### What this task involves
Leaving out the pictures, write out exactly each line from the line with "E-knjiga Warlock Wilbur Smith" through the close of the listing below.

### Provided material
┏━━

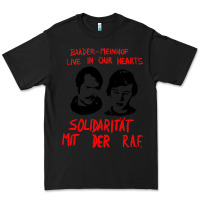 Black baader–meinhof raf original 70s design Premium Tee - linhVisuals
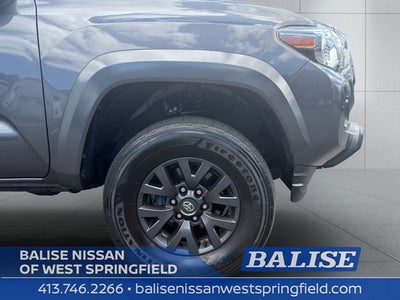 2023 Toyota Tacoma SR5 V6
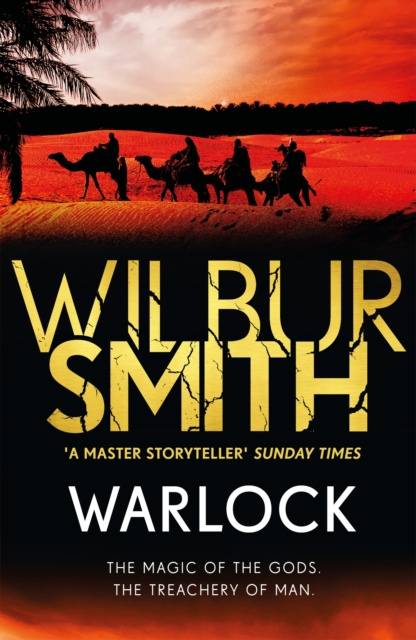 E-knjiga Warlock Wilbur Smith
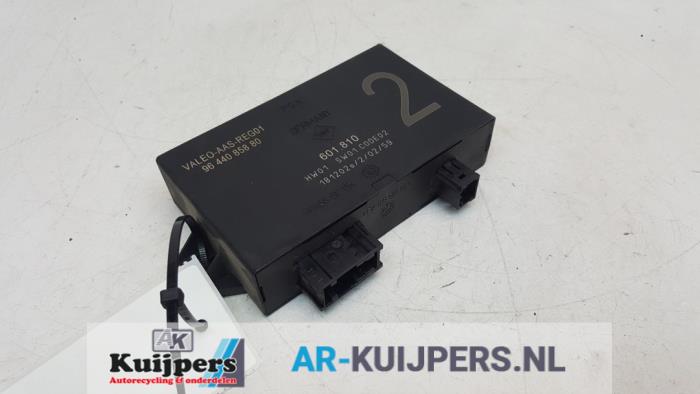 Gebrauchte PDC Modul Peugeot 307 Break (3E) 2.0 16V Preis € 15,00 Margenregelung angeboten von Autorecycling Kuijpers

┗━━

### Solution for this task
 E-knjiga Warlock Wilbur Smith
 Gebrauchte PDC Modul Peugeot 307 Break (3E) 2.0 16V Preis € 15,00 Margenregelung angeboten von Autorecycling Kuijpers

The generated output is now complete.